Estimating the Performance of Computing Clusters without Accelerators Based on TOP500 Results

Rybintsev, Vladimir O.

doi:10.3390/math10193580

Open AccessArticle

Estimating the Performance of Computing Clusters without Accelerators Based on TOP500 Results

by

Vladimir O. Rybintsev

Moscow Power Engineering Institute, National Research University, 111250 Moscow, Russia

Mathematics 2022, 10(19), 3580; https://doi.org/10.3390/math10193580

Submission received: 7 September 2022 / Revised: 27 September 2022 / Accepted: 27 September 2022 / Published: 30 September 2022

(This article belongs to the Special Issue Applications of Symbolic and Soft Computations in Applied Sciences)

Download

Browse Figures

Versions Notes

Abstract

:

Based on an analysis of TOP500 results, a functional dependence of the performance of clusters without accelerators according to the Linpack benchmark on their parameters was determined. The comparison of calculated and tested results showed that the estimation error does not exceed 2% for processors of different generations and manufacturers (Intel, AMD, Fujitsu) with different technologies of a system interconnect. The achieved accuracy of the calculation allows successful prediction of the performance of a cluster when its parameters (node performance, number of nodes, number of network interfaces, network technology, remote direct memory access, or remote direct memory access over converged Ethernet mode) are changed without resorting to a complex procedure of real testing.

Keywords:

high-performance computing; Linpack benchmark; compute cluster; system interconnect throughput; cluster performance

MSC:

68M20

1. Introduction

Currently, several specialized benchmarks are used to test the performance of clusters, based on which lists of the most productive systems are created: the high-performance conjugate gradient (HPCG) benchmark [1,2], NAS parallel benchmark (NPB) [3], and Graph 500 [4]. However, the Linpack high-performance benchmark [5] remains the most popular, despite fair criticism, and is from which the TOP500 list is formed. Inclusion in this list is still very prestigious and characterizes the general level of development of high-performance computing in the country.

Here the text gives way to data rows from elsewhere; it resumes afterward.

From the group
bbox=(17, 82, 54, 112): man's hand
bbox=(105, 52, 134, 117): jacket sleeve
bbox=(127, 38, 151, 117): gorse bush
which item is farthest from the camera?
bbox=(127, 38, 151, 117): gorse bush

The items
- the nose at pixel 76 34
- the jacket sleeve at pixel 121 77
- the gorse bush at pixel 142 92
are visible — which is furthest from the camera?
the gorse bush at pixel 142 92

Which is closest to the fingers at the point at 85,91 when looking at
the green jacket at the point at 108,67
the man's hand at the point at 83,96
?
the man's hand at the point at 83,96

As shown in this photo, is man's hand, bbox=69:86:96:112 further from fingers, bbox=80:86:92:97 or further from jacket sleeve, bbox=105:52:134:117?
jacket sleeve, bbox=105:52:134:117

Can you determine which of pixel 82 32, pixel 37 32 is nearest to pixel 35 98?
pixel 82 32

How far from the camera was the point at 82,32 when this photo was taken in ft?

Unfortunately, benchmarking a cluster is a complex and expensive procedure. The availability of special tools to automate this process [6] only slightly reduces the testing cost. Therefore, the problem of obtaining simple formulae that allow calculating the performance of a cluster with an acceptable error (up to 3%) and studying the dependence of this performance on its main parameters without resorting to a real testing procedure is very relevant.

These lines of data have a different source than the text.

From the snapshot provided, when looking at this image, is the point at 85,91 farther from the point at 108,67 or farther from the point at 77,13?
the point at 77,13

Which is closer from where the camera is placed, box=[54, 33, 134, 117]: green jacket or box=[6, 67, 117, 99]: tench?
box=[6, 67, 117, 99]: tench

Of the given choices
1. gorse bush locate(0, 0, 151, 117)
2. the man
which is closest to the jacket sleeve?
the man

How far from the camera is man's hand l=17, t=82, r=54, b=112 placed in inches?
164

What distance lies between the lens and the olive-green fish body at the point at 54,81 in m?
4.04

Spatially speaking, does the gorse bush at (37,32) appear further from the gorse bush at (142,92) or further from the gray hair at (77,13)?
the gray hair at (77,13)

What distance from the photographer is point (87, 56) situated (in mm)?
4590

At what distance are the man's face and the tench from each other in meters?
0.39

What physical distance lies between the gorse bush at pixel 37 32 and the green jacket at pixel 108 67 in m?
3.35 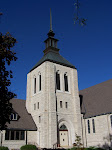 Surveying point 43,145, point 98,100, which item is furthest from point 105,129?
point 43,145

An analysis of the TOP500 lists shows that they include both clusters with accelerators (Nvidia in most cases) and clusters without accelerators. It is important to note that the share of clusters with accelerators is gradually changing upwards. For example, in the November 2014 TOP500, it was about 13%, and in the June 2021 TOP500, it reached 35%. However, clusters without accelerators still dominate the TOP500. Note that the Fugaku supercomputer, which ranked first in the June 2021 TOP500, does not use accelerators. Therefore, this study is devoted to evaluate the performance of this kind of cluster.

Figure 1 shows the measured performance R_max of clusters based on the Intel Xeon E5-2670 processor without accelerators compared to their peak performance R_peak with different system interconnect organization (November 2014 TOP500). The choice of this particular processor is explained by the large number of clusters based on it in the given list, which made it possible to show an explicit functional dependence of R_max on R_peak and the throughput of the system interconnect.

The aim of this study was to identify this dependence in order to obtain calculated ratios for the estimation of R_max from the cluster parameters. It is clear that R_max depends on a large number of parameters, among which the following can be distinguished:

processor performance
node performance
number of nodes
system connectivity (Ethernet, InfiniBand, Omni-Path, etc.)
network topology (Fat Tree [6], Dragonfly [7], Jellyfish [8], 6D Torus [9], etc.)
network interface bandwidth
encoding (8b/10b, 64b/66b)
number of network interface cards (NICs) in the node
number of network interfaces in the NICs
use of remote direct memory access (RDMA)/RDMA over converged Ethernet (RoCE) mode
PCI-E bus bandwidth
version of the operating system (Red Hat EL, Ubuntu, CentOS Linux, etc.)
MPI library version (Fujitsu Software Technical Computing Suite, OpenMPI, Intel MPI, etc.)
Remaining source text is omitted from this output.